Metro line in Ningbo, China

Line 4 of Ningbo Rail Transit (宁波轨道交通4号线) is a rapid transit line in Ningbo. It starts from Cicheng Town, Jiangbei District, and ends near Ningbo International Conference Center in Yinzhou District. The project was approved on November 5, 2013 and opened on December 23, 2020. Construction of Line 4 started in 2011 with the groundbreaking of the North Ring Elevated Expressway with the second deck of the structure being used for Line 4 trains.

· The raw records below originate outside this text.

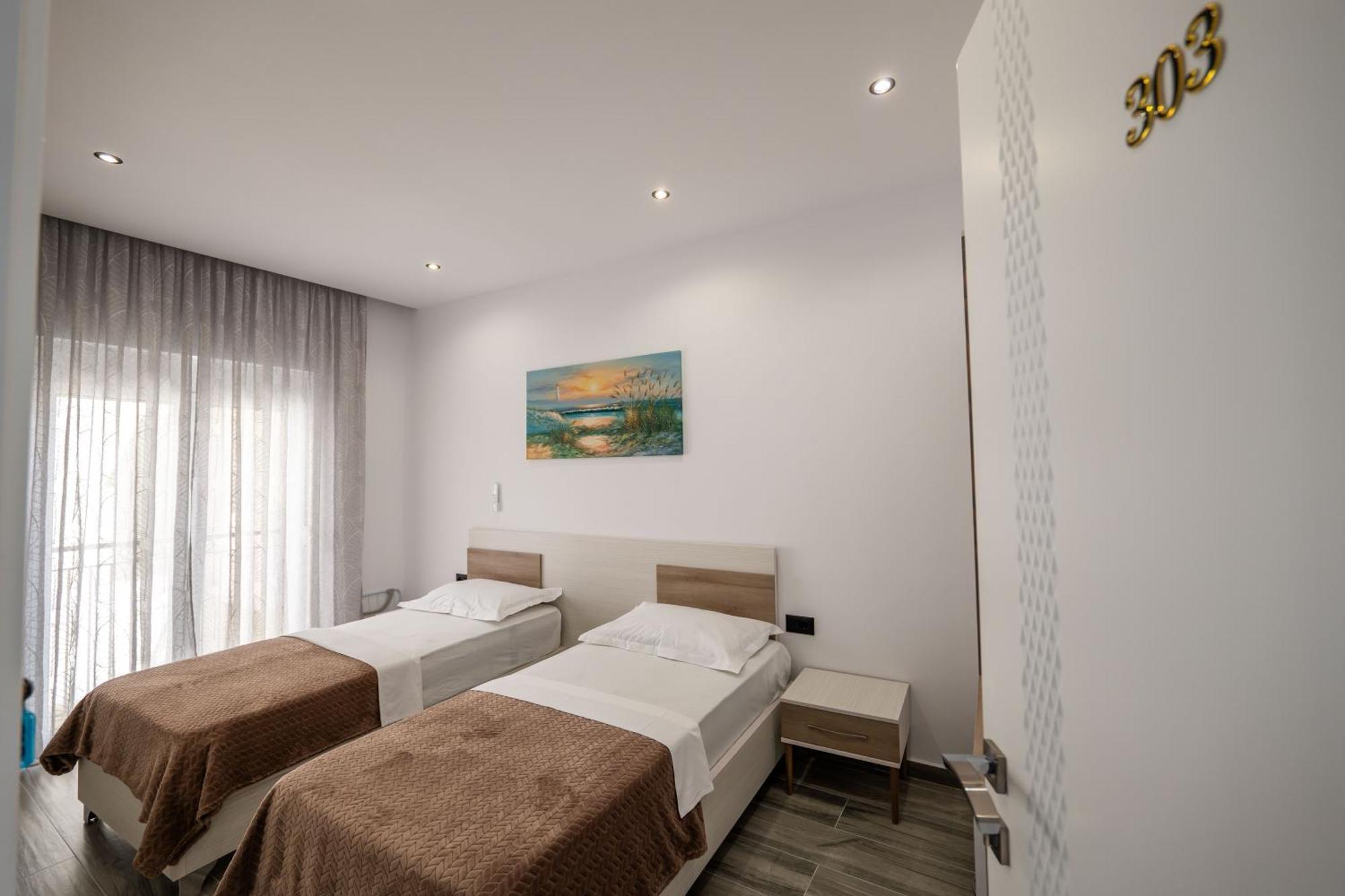 Eden Suites&Apartments Sarandë Eksteriør billede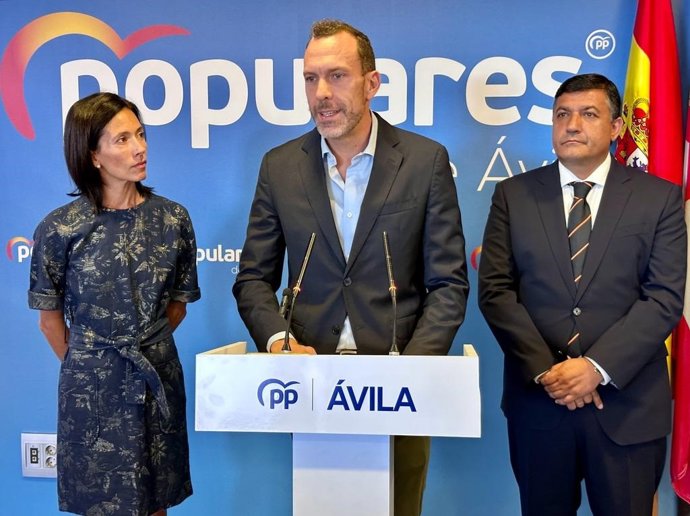 Patricia Rodríguez, Héctor Palencia y Carlos García (D).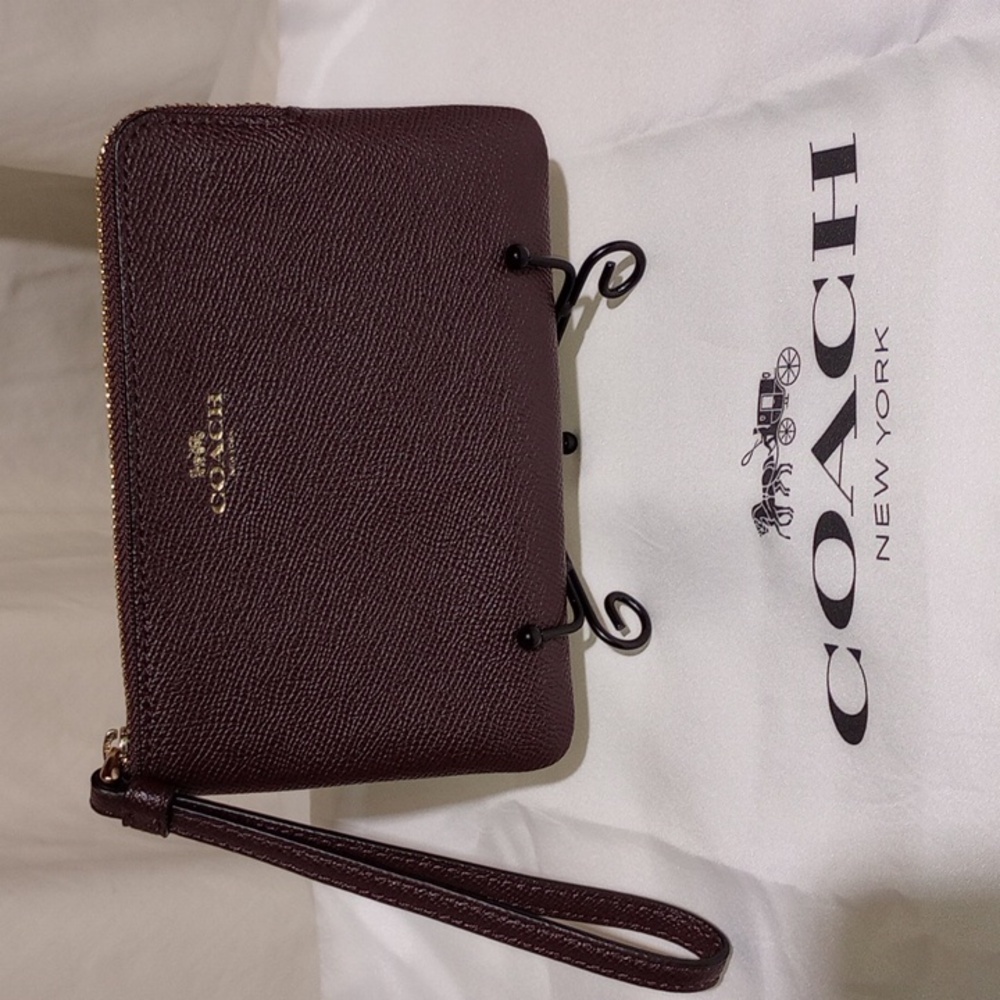 NWOT Coach Dark Burgundy Wristlet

The rest of the line started construction on November 30, 2015. The line will initially use 36 sets of six car B-type trains with a maximum service speed of 80 km/h.

== Route ==
Line 4 initially starts from Cicheng Station in Cicheng Town in east–west direction as an elevated line. Then it turns south into the North Outer Ring Expressway where it turns east–west running under the elevated expressway forming a three level structure similar to the northern section of Shanghai Metro Line 1. After reaching Jiangbei Avenue, it starts to turn underground and deviates from the viaduct to Zhuangqiao Railway Station where it turns south, crosses Yaojiang River and reaches Ningbo Railway Station. Then Line 4 goes along Changchun Road, Xingning Road until it reaches Canghai Road and become north–south again. After reaching Shounan Road it turns into southeast direction and reaches Dongqian Lake, its destination.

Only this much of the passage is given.